The friend told Guilmartin she would instead appreciate being seen as a person first, and a patient second. Guilmartin said the message resonated with the nurse, who did indeed begin taking a breath before entering a patient’s room, understanding that the pause ensured that she gave the patient a better quality of care, and made her a better nurse.

“We have to learn to give the best of ourselves in the moment,” Guilmartin says. “And all it takes is the time to take one deep breath. Maybe you don’t have time to do more, but you can do more with the time you have.”
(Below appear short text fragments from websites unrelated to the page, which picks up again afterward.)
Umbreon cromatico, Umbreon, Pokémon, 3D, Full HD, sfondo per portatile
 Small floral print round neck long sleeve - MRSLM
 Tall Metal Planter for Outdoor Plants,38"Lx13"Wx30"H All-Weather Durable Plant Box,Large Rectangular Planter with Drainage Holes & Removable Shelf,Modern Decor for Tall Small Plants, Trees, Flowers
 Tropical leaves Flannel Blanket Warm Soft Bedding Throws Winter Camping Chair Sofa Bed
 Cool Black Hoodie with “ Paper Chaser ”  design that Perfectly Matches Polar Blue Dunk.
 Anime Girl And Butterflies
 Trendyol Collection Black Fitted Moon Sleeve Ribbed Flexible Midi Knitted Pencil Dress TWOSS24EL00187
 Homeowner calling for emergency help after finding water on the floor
Guilmartin says there are a number of ways to be more successful and have more impact and satisfaction in our work, simply by changing a few bad habits that have cropped up in a non-stop, always-connected world.

Among them:
 Don’t react with angry words. Either verbally or written in an e-mail, “you give your power away when you get furious,” she says. “You may win the battle, but you lose the war.” Instead, when frustrated or angry, pause and then try and regain control of the situation by getting more information. It could be that you misunderstood, the person may have accidentally misspoken, or you don’t fully understand all the issues involved.
• Listen. The workplace today is focused on developing a collaborative atmosphere where ideas are shared to drive innovation. That can’t happen, she says, unless people take the time to simply show respect by listening to another person without jumping in with snap decisions or judgments so they can move onto the next item on a to-do list. “The greatest thing you can have someone say about you is: ‘Wow. She’s a great listener.
• Be honest. “If someone comes to you and you’re waiting on an important phone call, be honest with them and say that you can give them only 50 percent of your attention because you’re focused on the upcoming call. Tell them if that’s OK, you can give them what you can at the time. What this does is help the person come to trust you because you’re being honest.”

What are some ways you use to slow yourself down when things get crazy?